Nous sommes évidemment contents, c’est une vraie reconnaissance du travail que nous avons accompli. C’est d’autant plus gratifiant que notre travail s’effectue en science fondamentale, ce qui est assez rarement mis en avant. Ce prix sera utilisé pour nous aider à financer un microscope confocal à disque rotatif. C’est vraiment une opportunité intéressante, car il est difficile de trouver des financements pour des appareils dans cette gamme de prix. Ce microscope va être installé à l’I2BC, dans un environnement confiné qui autorise l’étude des pathogènes, ce qui sera utile pour beaucoup d’autres équipes de l’institut qui travaillent sur ces sujets. L’Institut a déjà un tel microscope mais son environnement ne permet pas de travailler sur des virus ou des bactéries pathogènes.
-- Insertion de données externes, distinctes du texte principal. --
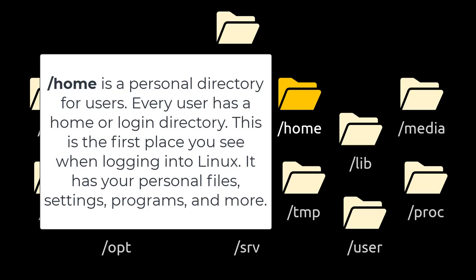/home is a personal directory for users. Every user has a home or login directory. This is the first place you see when logging into Linux. It has your personal files, settings, programs, and more.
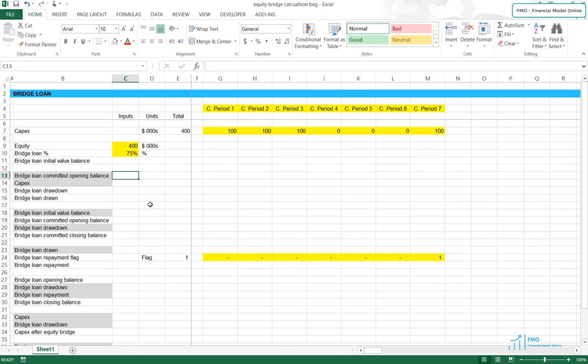Welcome back. In this lesson we will review the bridge loan calculation mechanics. The reason why we obtain the bridge loan is to bridge the gap between the date when we have to finance the capex and the date when we obtain the permanent financing. The permanent financing could be a loan or equity investment — in our case it will be an equity investment — and we need this loan to increase the return on equity because we are postponing the equity investment to the last construction period when the project is completed. Let's get started with our bridge loan calculations.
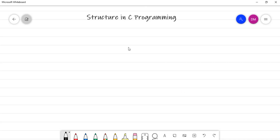Hello friends, welcome to Code Semantic and welcome to the video tutorial of C programming. In this video we are going to study a new concept related to C programming, that is structure in C programming. So let us see what structure is first.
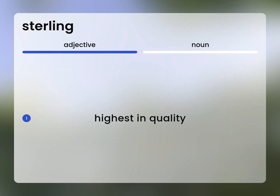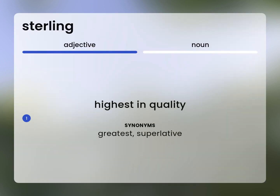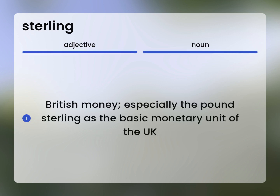Highest in quality. Greatest superlative. British money, especially the pound sterling as the basic monetary unit of the UK.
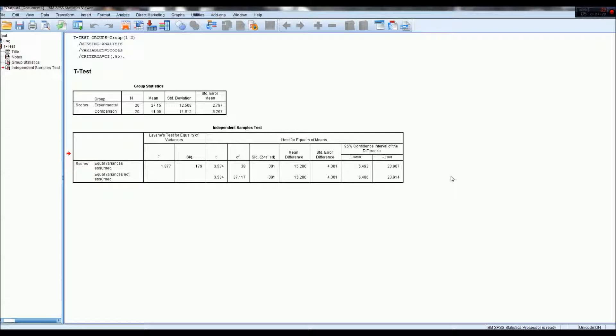And that's pretty much the analysis, or the interpretation you want to do for a simple t-test.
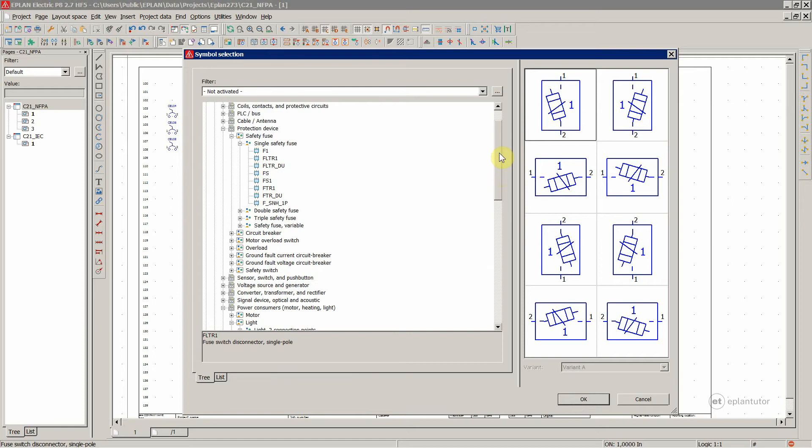We're gonna cover, of course, the symbols as we go through the course when we start to create our circuit diagrams.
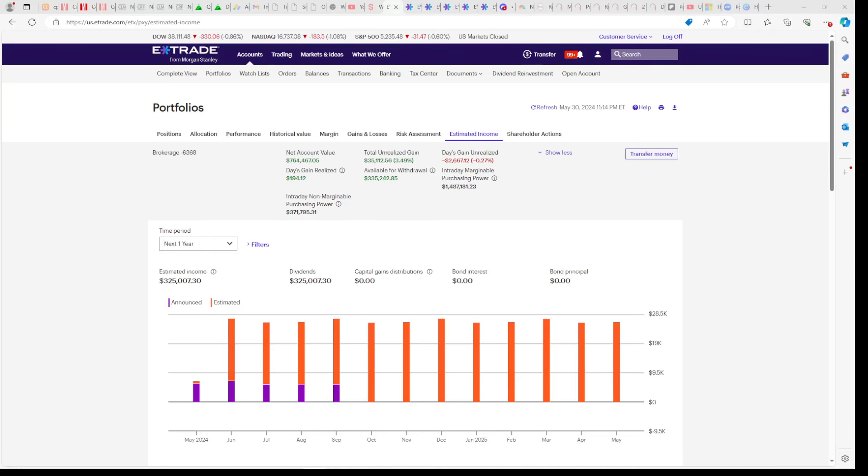In today's video, we're going to discuss my total system for achieving outperformance with YieldMax dividends, options, REITs, and margin. All these factors help us earn over $300,000 per year in dividends and live the FIRE lifestyle, which means financially independent, retire early.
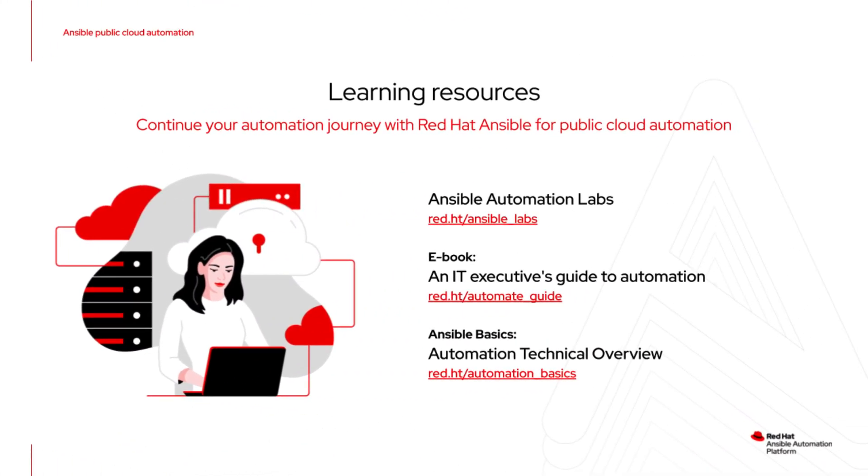That concludes this demonstration of the Cloud Control API and Ansible Automation Platform. Here are some great options for next steps if you want to learn more about Ansible Automation Platform today. Thank you.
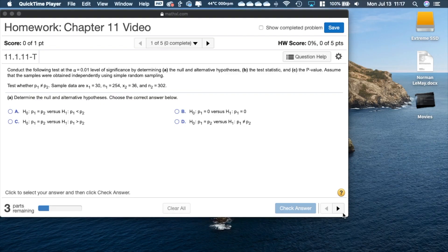Hello everyone and welcome to this StatCrunch tutorial on performing hypothesis tests and confidence intervals regarding two proportions.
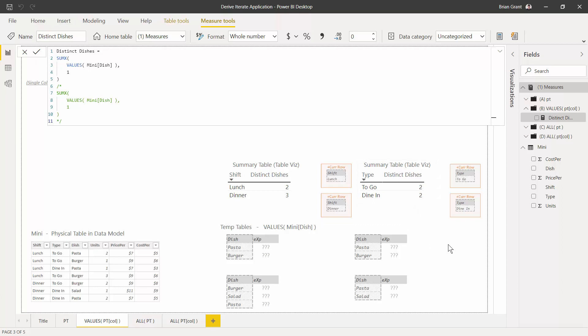So that's a nice example of using the VALUES derivation inside of a SUMX iterator to get a distinct count of a particular column.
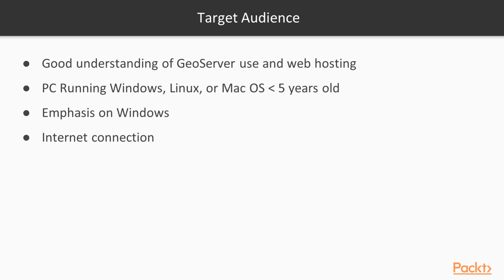By the end of the course, you will understand how to put a GeoServer-backed app into production on host infrastructure, with the best performance and reliability.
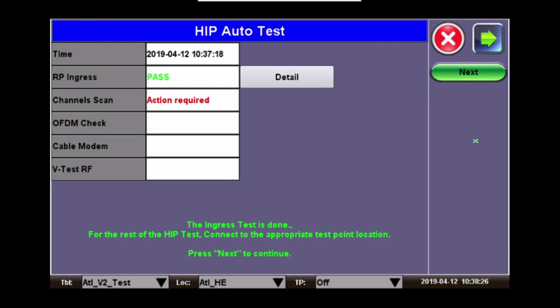There is an action required being that we had to disconnect the RF and hook up to the home. So now you must reconnect the RF signal back to the home and connect to where you can measure the RF signal coming into the home. So once you get your meter connected, you just click Next to start the channel scan.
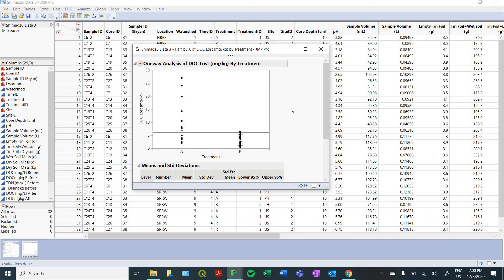And that's it, guys, that's a brief introduction on how to make some useful figures and some basic statistical analysis using JMP. Thanks for your time.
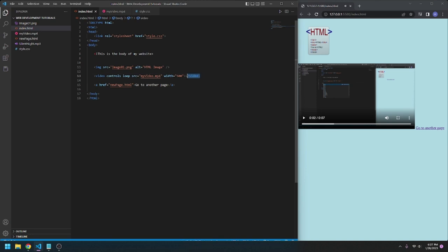And it is a self-closing tag, so we do not need the forward slash video.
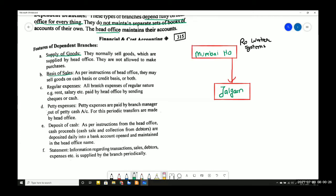Dependent branches can only sell in the manner instructed by the head office — they cannot take their own decisions. If the head office says sell for cash, the Jalgaon branch sells for cash. If the head office permits credit sales, then the branch sells on credit. They cannot make independent decisions.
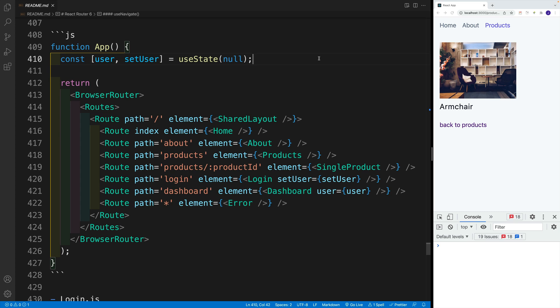Now let's see how we can navigate around our project programmatically. In our case, that is going to be once we submit the form. And also, let's see how we can restrict access to certain routes.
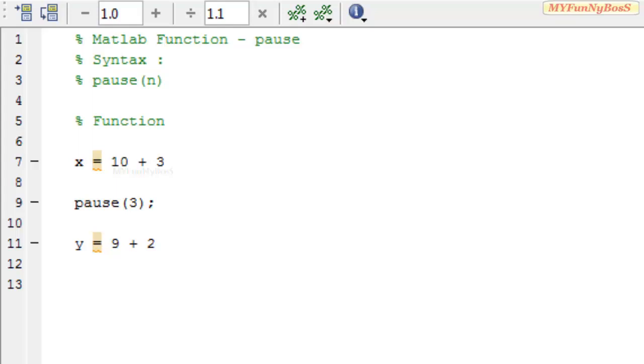So in this case I have taken an example where x is equal to 10 plus 3 which would give a result x is equal to 13 and I have not used a semicolon to generate the output x in the command window.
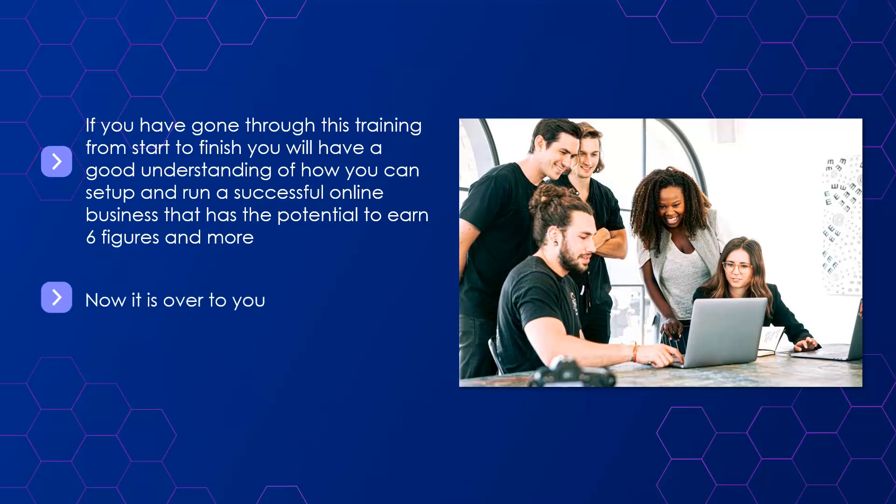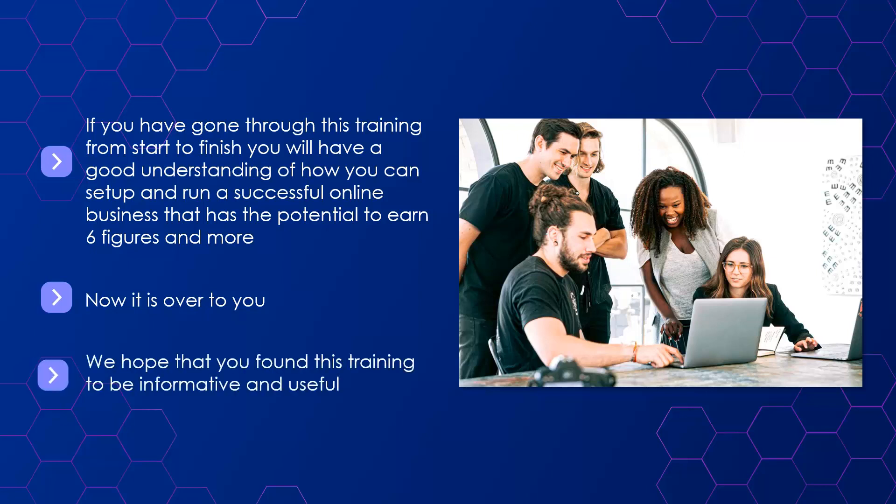Now it is over to you. While going through this training will make you a bit smarter, only by taking action will you be able to choose the right online business model and drive all the targeted traffic that you need to make your online business a success. We hope that you found this training to be informative and useful.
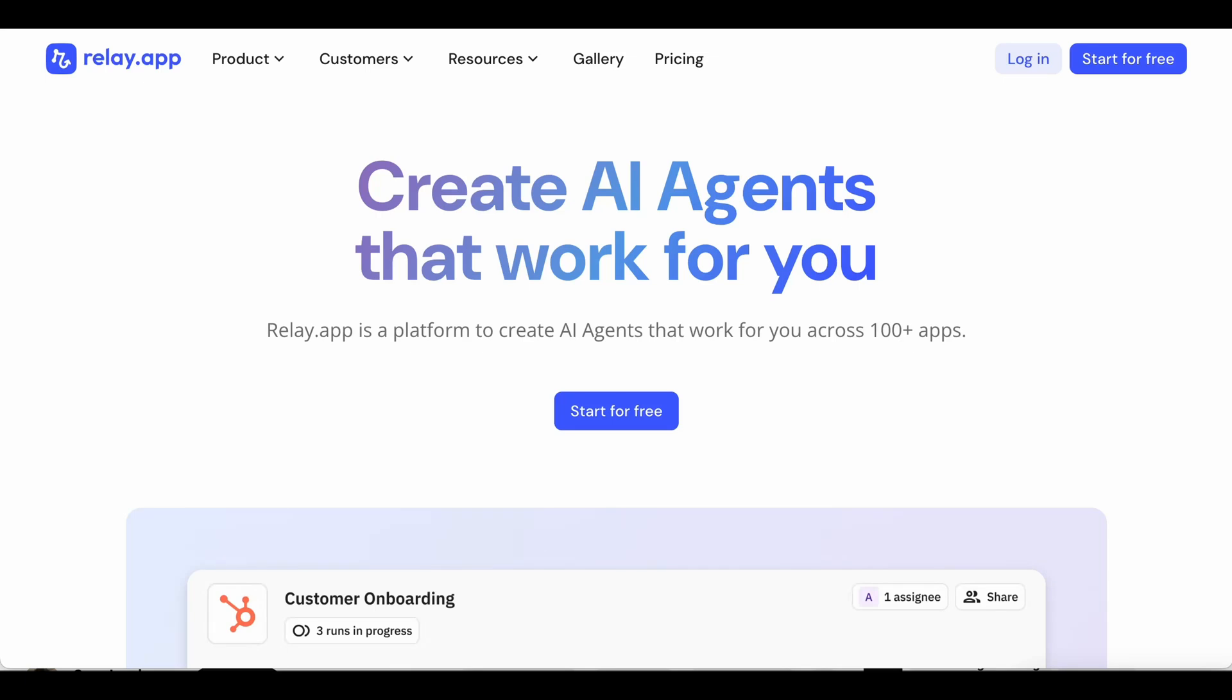Let's use Relay.app to build an AI agent that automatically processes our invoices. First, head to Relay.app and create a free account if you haven't already.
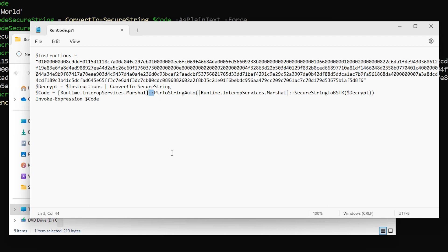You'll notice a double colon in the code. Anytime you see a double colon in PowerShell, it means you're invoking a .NET method. We're calling the .NET framework and using its functionality to decrypt the string, storing the decrypted contents in $code. So $code will now contain our formerly encrypted command, but decrypted. All we have to do is run that line of code using the Invoke-Expression $code command.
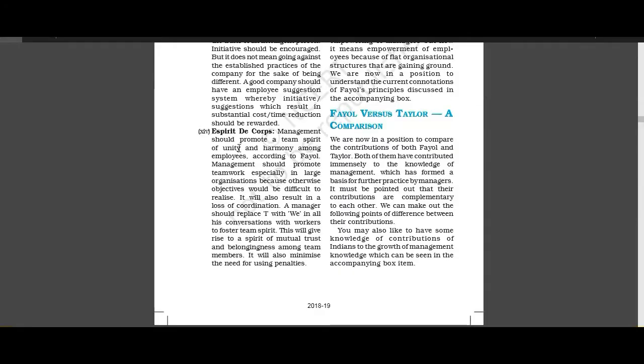So now we have reached the last principle of Fayol, Esprit de Corps. This Esprit de Corps means team spirit in the organization.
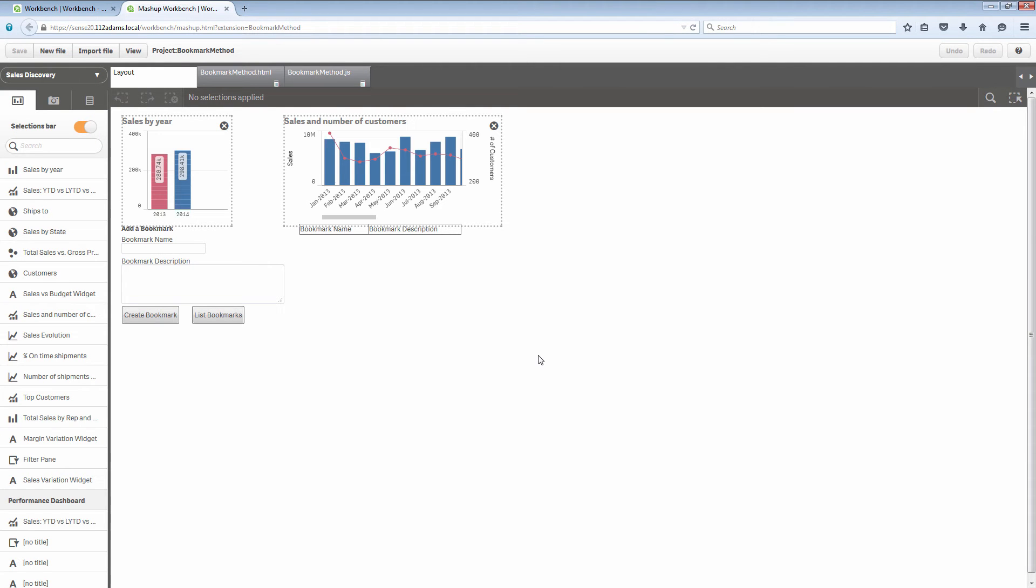In my bookmark example we're using the sales discovery application and you can see I've got two Qlik Sense objects at the top of this mashup. I have some inline HTML that I've added with some buttons.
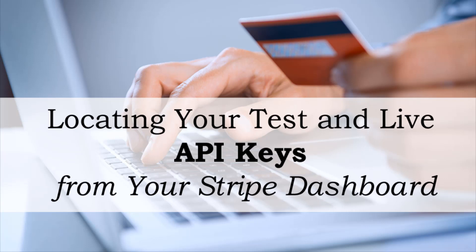Hi, Chanel from Tips and Tricks HQ here. In this short tutorial I will cover where you can locate your test and live API keys within a Stripe account.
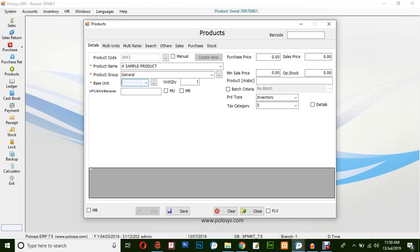The same option applies for the unit. We will be selecting pieces. Purchase price 100 and let's say sales price 120. The opening stock is 100.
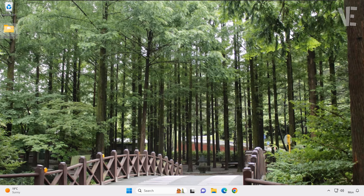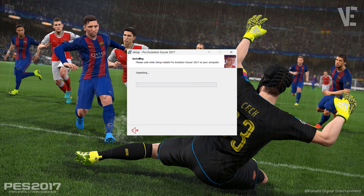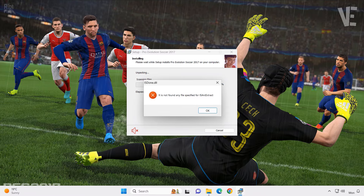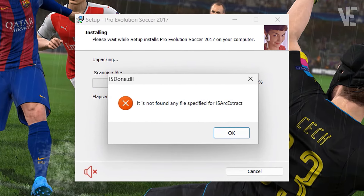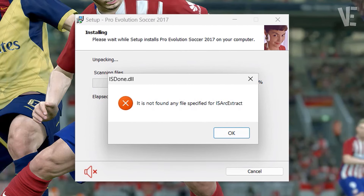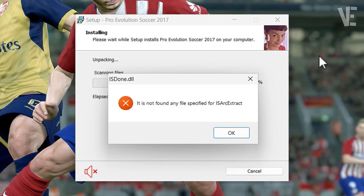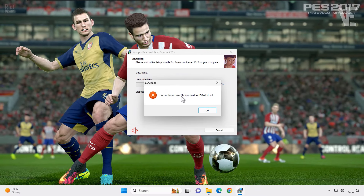Hi everyone and welcome to our channel. In today's video, we are going to fix the 'it is not found any file specified' ISARC extract error when installing games or programs in Windows 11, 10, 8, and 7.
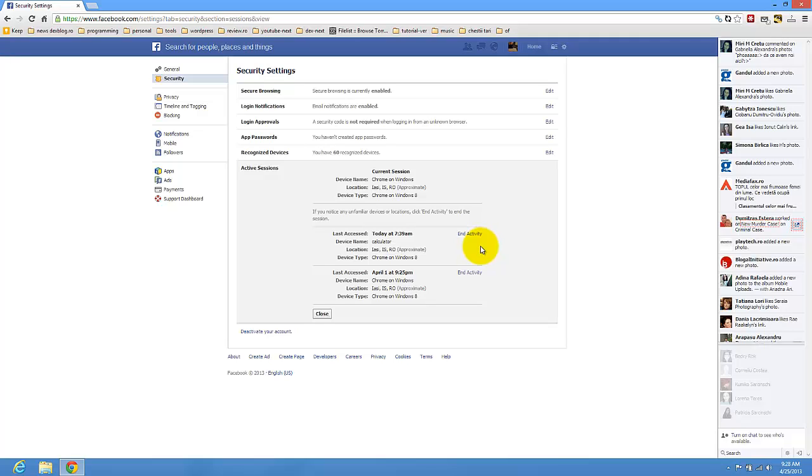So it's quite easy. You don't have to have access to that computer. You just need to enter here on the security tab.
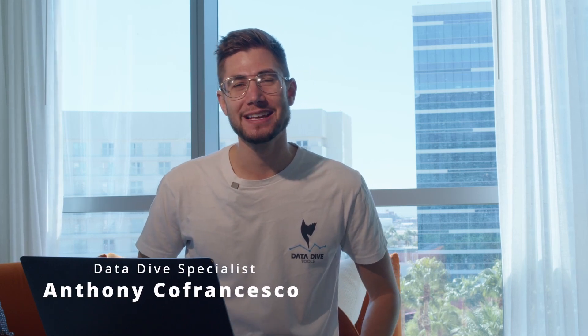Hey what's going on everyone, my name is Anthony Cofrancesco from Datadive and today I'm going to be walking you through a handful of new feature updates across the Datadive platform.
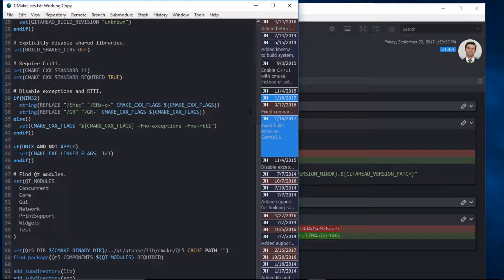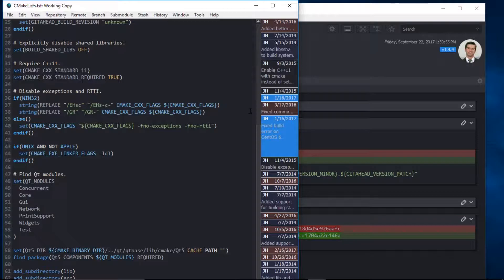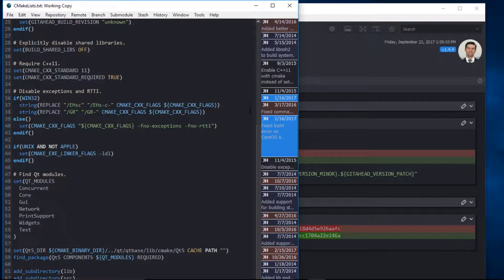With these visual cues, you can quickly decipher what has changed recently and by whom. That's all for this tutorial.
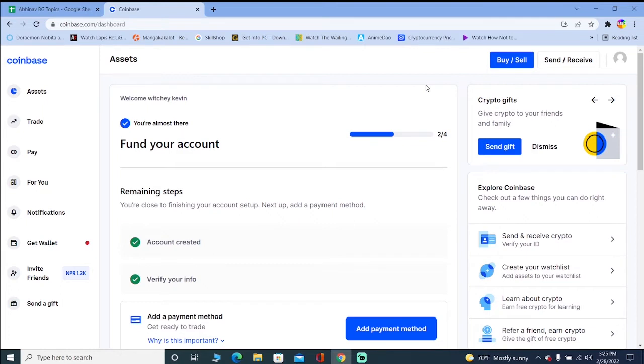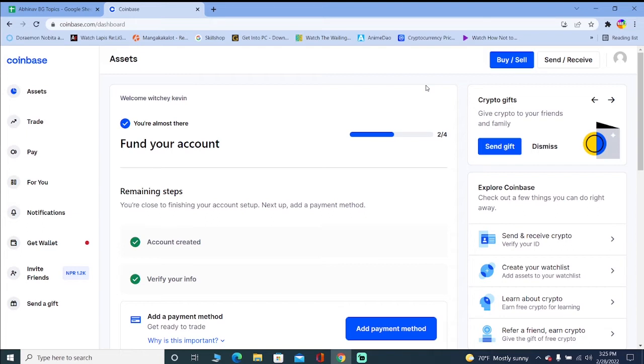If your Coinbase account is under review, the only way to fix it is by completing its KYC. By that I mean by completing its verification process. Until and unless you verify your Coinbase account, your review is not going to be lifted because Coinbase wants to know your actual identity and the only way to know your actual identity is you completing the KYC.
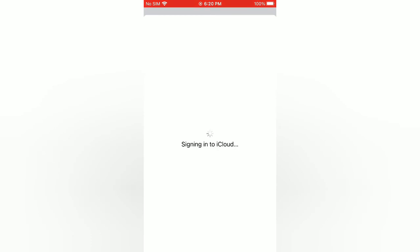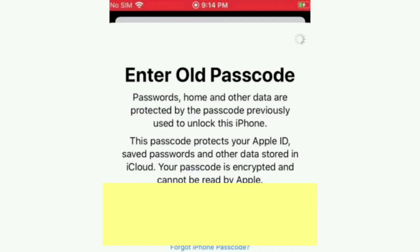Then wait for a few seconds, and enter your old passcode.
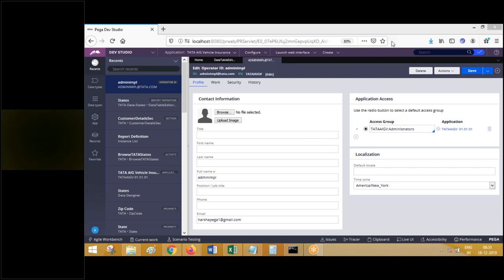Whenever you get a requirement to create a drop-down, you should use report definition. Blindly go ahead with report definition to populate a drop-down as a best practice, for future ease of enhancements.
  • Vous travaillez sur le virus de la rage. Ce nouveau matériel ouvre la possibilité d’observer des corps de Negri. Pouvez-vous me dire précisément ce que ce microscope permettra de collecter comme données à leur sujet ?

Les corps de Negri sont des structures que l’on observe essentiellement dans les neurones infectés par le virus de la rage. Ce sont des petites structures sphériques observables en microscopie après coloration. Cela fait très longtemps que ces structures sont connues : leur détection a été la première méthode de diagnostic post-mortem de la maladie. Pourtant, pendant plus de 100 ans personne ne s’y est intéressé. Ce que notre équipe a démontré en 2009, c’est que ces structures sont des usines virales, que le virus va installer dans la cellule pour s’y répliquer. Ce que nous avons ensuite montré en 2017, c’est que ces corps de Negri ont une nature très particulière : ils sont formés par séparation de phase liquide. Comme de l’huile dans de l’eau, les usines virales ne se mélangent pas avec le milieu de la cellule. Cette caractéristique permet au virus de se protéger et de sélectionner ce dont il a besoin dans la cellule. Ces corps de Negri sont très dynamiques durant l’infection, ils évoluent, se déplacent, fusionnent entre eux… Notre équipe cherche donc à les suivre par microscopie optique, ce que nous faisons déjà, mais pas avec un tel matériel. Le microscope confocal à disque rotatif permet d’acquérir des images très rapidement (toutes les 100 millisecondes) et ainsi d’obtenir un film.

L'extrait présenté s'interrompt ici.